For consumers, CoDi – short for Cobro Digital (Digital Charge) – is an app that scans bar codes to pay for purchases and transfer funds between banks.

One aim of the commission-free payment system, developed by the Bank of México, is to provide a convenient, easy-to-use payment method for shoppers.

Another is to encourage businesses that currently only accept cash payments – and may not pay all or any of the taxes they should – to move into the formal economy.

According to consumer insights analyst Carlos Hermosillo, large companies and chains are ready to accept payments via CoDi but small businesses such as mom and pop stores known as tienditas, stallholders at markets and others who operate in the informal sector “will take longer to react,” if at all.

Scan and pay: small businesses might take some time to sign on.
Scan and pay: small businesses might take some time to sign on.

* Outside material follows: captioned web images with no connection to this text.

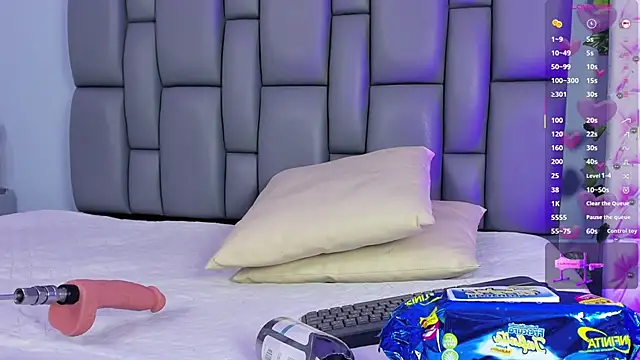 Niicolle Evanss online show from 8, 10, 2025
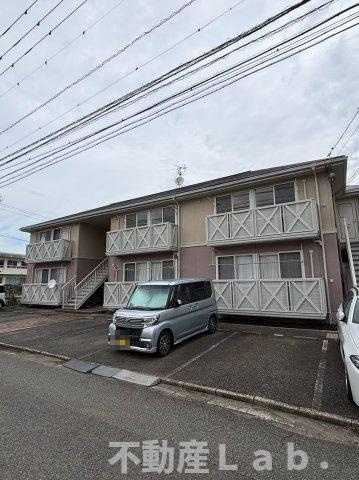 ラルジェントの駐車場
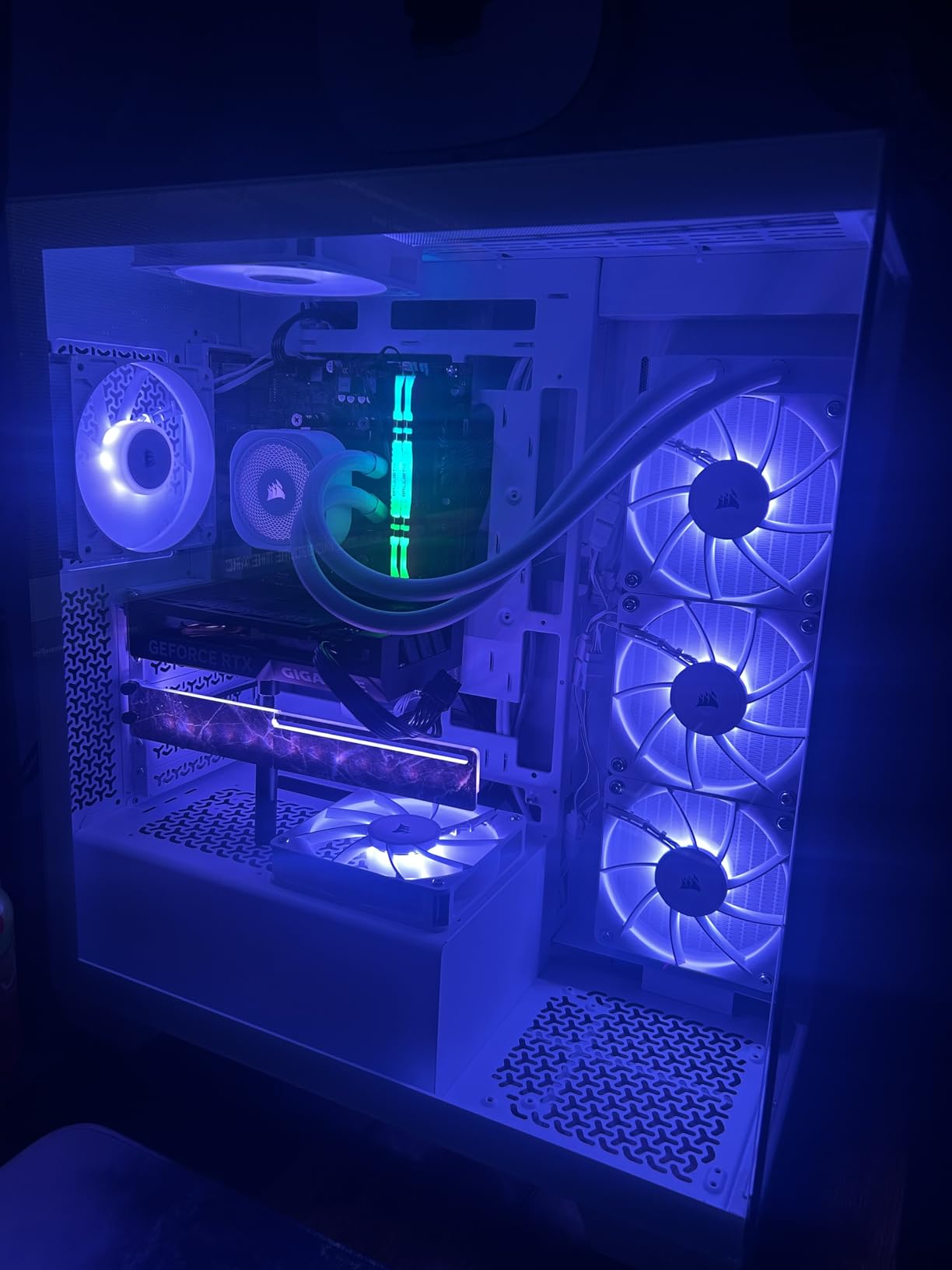 CORSAIR Commander Duo iCUE Link RGB Lighting and PWM ARGB Fan Controller â€“ Control 12 Daisy-Chained PWM Fans, Two Flexible Temperature Sensors Included â€“ Black customer photo 2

A report in the newspaper El Financiero says that many small business owners fear that if they accept digital payments, their revenue streams will be closely monitored by tax authorities.

It is estimated that only 2% of about a million small, traditional businesses in Mexico such as butcher shops, stationary stores and tienditas currently accept methods of payment other than cash.

Another potential difficulty in getting small business owners to adopt the CoDi system is a lack of familiarity with the technology it uses: a recent poll showed that almost 60% of shopkeepers don’t know what a QR code is.

However, the spokesman for Expo Tendero (Shopkeepers’ Expo), an industry event that will be held in Mexico City in November, said there is interest among small business owners to offer digital payments.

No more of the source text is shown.